Start of Block

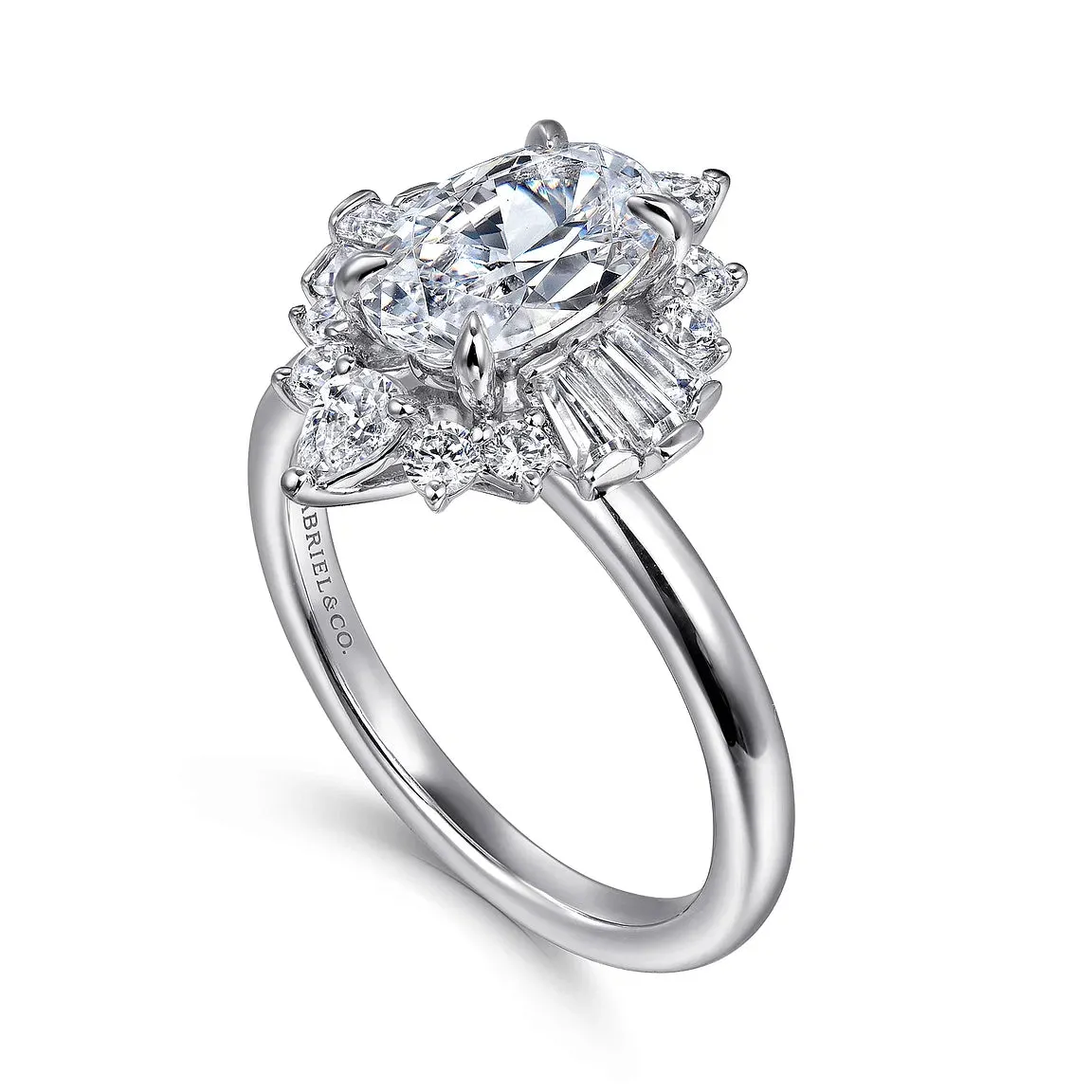 Intricate Oval Halo Diamond Engagement Ring Mounting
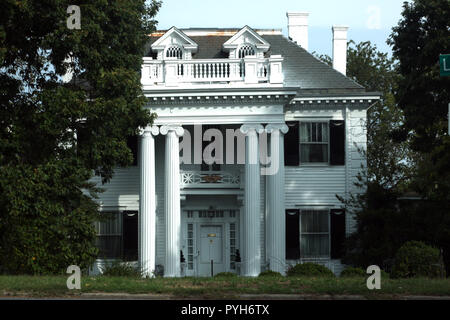 Großes Haus in Virginia, USA, mit klassischer Architektur Stockfoto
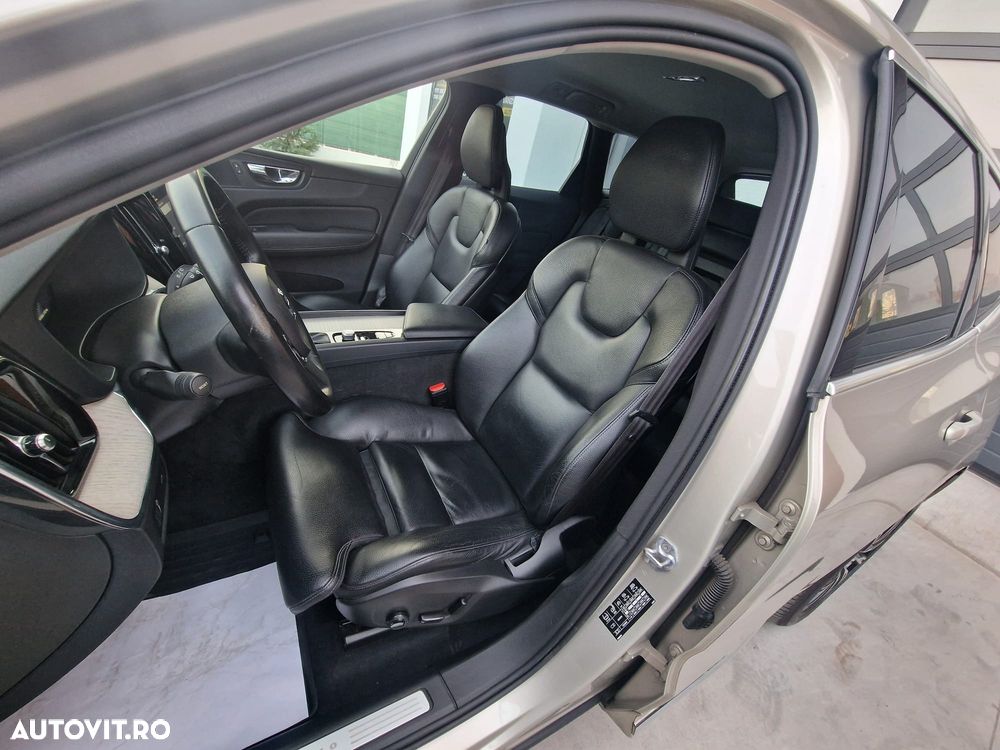 Volvo XC 60 D4 AWD Geartronic Inscription - 11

End of Block

> **WORK TO BE COMPLETED**: Could you set down word for word each line from the one holding "Großes Haus in" through the end of the material above, without any pictures?

> **RESPONSE**:
 Großes Haus in Virginia, USA, mit klassischer Architektur Stockfoto
 Volvo XC 60 D4 AWD Geartronic Inscription - 11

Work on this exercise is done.